#### ASSIGNMENT:
The required output is the line with "Best Residential water" through the final line of the entries, each one exactly as it stands.

#### INFORMATION GIVEN:
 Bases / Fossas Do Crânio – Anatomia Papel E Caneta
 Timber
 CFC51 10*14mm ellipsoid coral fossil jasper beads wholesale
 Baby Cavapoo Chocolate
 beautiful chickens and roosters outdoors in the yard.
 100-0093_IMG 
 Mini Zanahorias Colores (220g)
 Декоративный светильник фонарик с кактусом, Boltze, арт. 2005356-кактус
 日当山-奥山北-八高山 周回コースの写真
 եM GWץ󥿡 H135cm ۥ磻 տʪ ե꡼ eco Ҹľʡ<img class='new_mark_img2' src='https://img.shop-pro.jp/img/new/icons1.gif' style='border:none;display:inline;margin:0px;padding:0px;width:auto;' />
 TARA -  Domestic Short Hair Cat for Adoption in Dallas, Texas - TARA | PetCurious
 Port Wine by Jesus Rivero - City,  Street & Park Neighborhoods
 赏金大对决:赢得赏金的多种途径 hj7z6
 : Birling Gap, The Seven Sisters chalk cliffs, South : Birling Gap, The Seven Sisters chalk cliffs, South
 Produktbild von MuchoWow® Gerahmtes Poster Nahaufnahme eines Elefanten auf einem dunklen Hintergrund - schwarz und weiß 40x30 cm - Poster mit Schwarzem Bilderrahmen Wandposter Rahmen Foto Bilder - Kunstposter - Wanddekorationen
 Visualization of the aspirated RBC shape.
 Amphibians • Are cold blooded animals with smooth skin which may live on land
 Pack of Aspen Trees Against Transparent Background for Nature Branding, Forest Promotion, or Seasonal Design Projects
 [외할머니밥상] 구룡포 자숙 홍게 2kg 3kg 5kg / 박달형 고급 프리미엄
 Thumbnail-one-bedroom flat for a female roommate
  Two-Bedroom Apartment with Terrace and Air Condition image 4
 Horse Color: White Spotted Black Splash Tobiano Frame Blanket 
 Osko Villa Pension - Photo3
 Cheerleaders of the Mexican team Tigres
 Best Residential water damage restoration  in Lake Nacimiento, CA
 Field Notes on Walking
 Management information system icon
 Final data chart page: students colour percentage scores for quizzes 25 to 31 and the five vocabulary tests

#### EXERCISE RESPONSE:
 Best Residential water damage restoration  in Lake Nacimiento, CA
 Field Notes on Walking
 Management information system icon
 Final data chart page: students colour percentage scores for quizzes 25 to 31 and the five vocabulary tests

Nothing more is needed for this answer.